A Comprehensive Guide to Setting up Loki in a Distributed Manner on Amazon EKS (Part Two)

In the previous blog, we learned about the components of the distributed Loki architecture. Let us now see how the CloudifyOps team used Loki distributed configuration on Amazon EKS to solve log management challenges for a client with a SaaS platform product, and achieved scaling, high availability, and multi-tenancy.

The client’s SaaS platform supports a number of tenants, each of whom runs their own apps and produces a sizable amount of logs. It is essential to have a reliable log management system in place to gather, archive, and individually analyze logs for each tenant. Furthermore, we must guarantee the distributed infrastructure’s scalability, security, and effective log querying.

The challenges tackled in this context involve ensuring data privacy and compliance, maintaining robust log isolation and separation between tenants, effectively managing the increasing volume of logs generated by multiple tenants as the platform expands, and optimizing query performance to retrieve logs for specific tenants from a distributed infrastructure. Additionally, it is crucial to maintain the security and privacy of records while adhering to compliance standards, including access restrictions, data retention policies, and audit trail requirements.

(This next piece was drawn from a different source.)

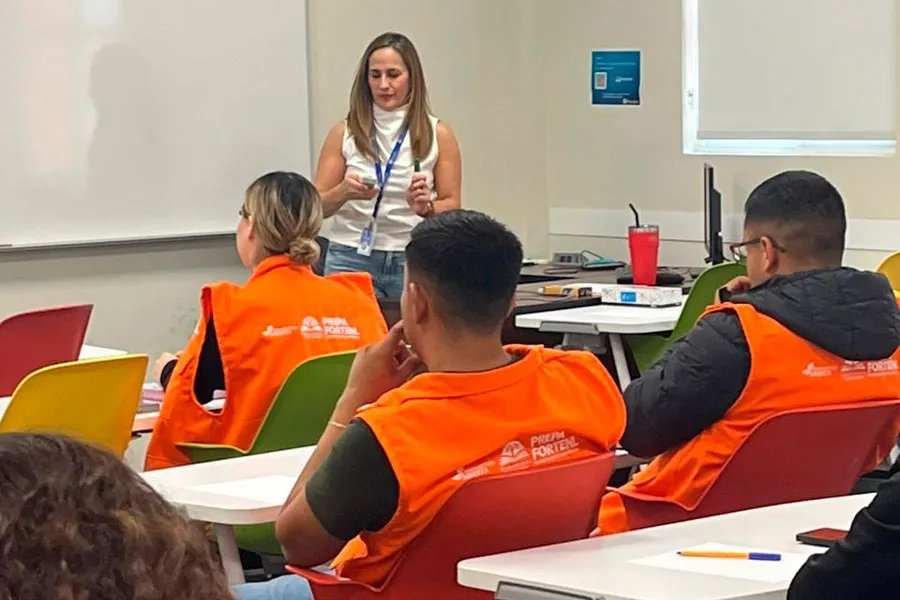 Telebachilleratos comunitarios.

In the following sections, we will delve into the key features that played a significant role in achieving an effective solution for log aggregation management.

Scaling and High Availability: Ensuring Resilience in Loki’s Distributed Setup

In a distributed Loki setup, scaling plays a crucial role in ensuring distributed workloads, optimal performance, balancing traffic, and utilizing resources efficiently. This helps organizations handle growing log volumes effectively, improve query response times, and maintain high availability.

By scaling key Loki components such as the Gateway, Query Frontend, Querier, Distributor, and Ingester, we can achieve optimal performance, scalability, and resilience in a distributed Loki setup. Implementing scaling strategies for these components enables seamless operation and supports the continuous growth of log data in Loki. We will explore scaling and examine how it was utilized for these crucial Loki components.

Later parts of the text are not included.